That formula is familiar to me now. This is all I needed. Is for someone to say "gramps, you Dummy! 3kT equal 2*KE not KE" and so it fits nicely in the $v=\sqrt{\frac{2KE}{kg}}$

that brings me back to units.
so there is a difference between a Kinetic Energy Joule (1/2 Mass x Velocity squared) and a Joule (Mass x Velocity squared)

 

[grandpa2390]

so there is a difference between a Kinetic Energy Joule (1/2 Mass x Velocity squared) and a Joule (Mass x Velocity squared)

it seems clear that a joule in potential energy is different from a Joule of KE. etc.

 

[Chestermiller]

so there is a difference between a Kinetic Energy Joule (1/2 Mass x Velocity squared) and a Joule (Mass x Velocity squared)

Nope. A Joule is a unit of energy (any kind).

 

[fresh_42]

There is a difference between the kinetic energy $E=\frac{1}{2}mv^2$ and the energy $E=mc^2$. It's the energy of a different thing, not a different unit.

 

[grandpa2390]

Nope. A Joule is a unit of energy (any kind).

I remember we had to be able to derive the Kinetic Energy (via integration). So I know how to do it. I guess I just wasn't really thinking about what I was doing at the time because I was coming from a different angle. And so, now I am confused when it is appearing to me that a joule is defined two different ways.

 

[Chestermiller]

I remember we had to be able to derive the Kinetic Energy (via integration). So I know how to do it. I guess I just wasn't really thinking about what I was doing at the time because I was coming from a different angle. And so, now I am confused when it is appearing to me that a joule is defined two different ways.

I can only suggest you go back and review the derivation of the kinetic energy. Then you will see specifically where the 2 comes from.

 

[grandpa2390]

I can only suggest you go back and review the derivation of the kinetic energy. Then you will see specifically where the 2 comes from.

it comes from the integration of momentum right? v becomes 1/2 v ^2
I got that, I'm just trying to connect the pieces.

At this point, I guess, the question has evolved into. What is a Joule. Besides being a measurement of energy. Because if the solution for understanding the KE Joule is by integration of Momentum. It seems like there is no connection between the formula for kinetic energy and a joule except for the units and the word joule. and that there would be a conversion of 1/2. of some sort. which only makes sense if they are not the same joule.

What is a Joule. Why can we have 1/2 mv2 and mv2 and they both be joules. Not half joules and whole joules, just joules.

 

[fresh_42]

... when it is appearing to me that a joule is defined two different ways.

Many: $$1J=1Nm=1VAs=1CV=1Ws=1\frac{kg\cdot m^2}{s^2}=\frac{1}{4,1868} cal=10^{7}erg$$ This doesn't mean that something measured in Watt seconds (output of a power plant) is directly comparable to something measured in Newton meter (torque of the motor in your car) or by kilogram times speed squared (kinetic energy in crash) or by calories (food) or by erg (temperature transport).

 

[Chestermiller]

it comes from the integration of momentum right? v becomes 1/2 v ^2
I got that, I'm just trying to connect the pieces.

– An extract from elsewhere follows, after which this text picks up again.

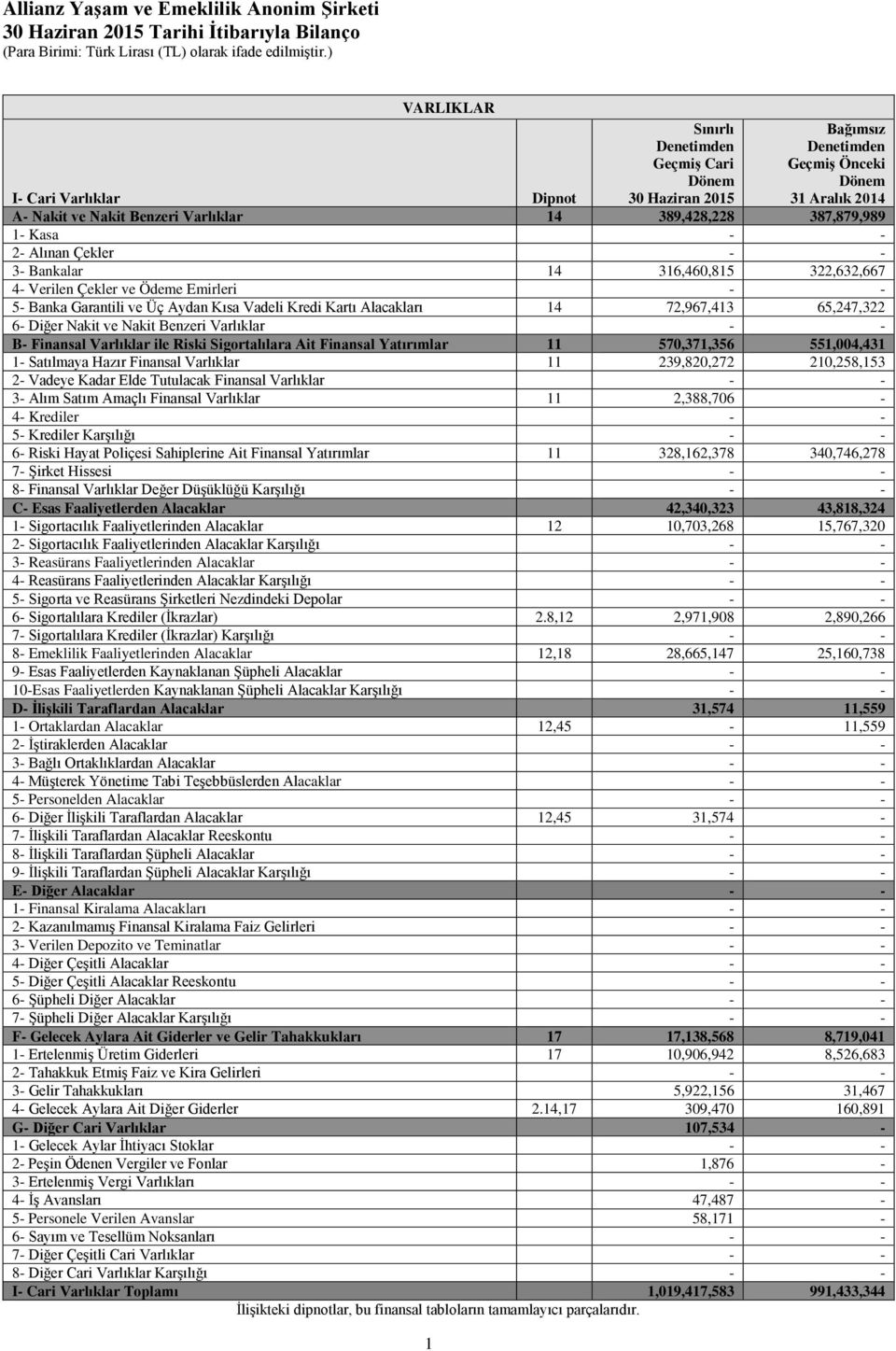 Kartı Alacakları 14 72,967,413 65,247,322 6- Diğer Nakit ve Nakit Benzeri Varlıklar B- Finansal Varlıklar ile Riski Sigortalılara Ait Finansal Yatırımlar 11 570,371,356 551,004,431 1- Satılmaya Hazır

At this point, I guess, the question has evolved into. What is a Joule. Besides being a measurement of energy. Because if the solution for understanding the KE Joule is by integration of Momentum. It seems like there is no connection between the formula for kinetic energy and a joule except for the units and the word joule. and that there would be a conversion of 1/2. of some sort. which only makes sense if they are not the same joule.

What is a Joule. Why can we have 1/2 mv2 and mv2 and they both be joules. Not half joules and whole joules, just joules.

I Googled the definition of a Joule: One joule is defined as the amount of energy exerted when a force of one Newton is applied over a displacement of one meter. Do you see the connection to kinetic energy now?

 

[grandpa2390]

Many: $$1J=1Nm=1VAs=1CV=1Ws=1\frac{kg\cdot m^2}{s^2}=10^{7}erg$$ This doesn't mean that something measured in Watt seconds (output of a power plant) is directly comparable to something measured in Newton meter (torque of the motor in your car) or by kilogram times speed squared (kinetic energy in crash) or by calories (food) or by erg (temperature transport).

so when we are plugging in joules into a formula. we should be mindful of what kind of energy we are measuring. It sounds like a nobrainer. you couldn't really plug the formula for potential energy into the speed root mean squared formula... it just wouldn't make sense (to me at least. Though at this point I could believe anything lol)

 

[grandpa2390]

I Googl
ed the definition of a Joule: One joule is defined as the amount of energy exerted when a force of one Newton is applied over a displacement of one meter. Do you see the connection to kinetic energy now?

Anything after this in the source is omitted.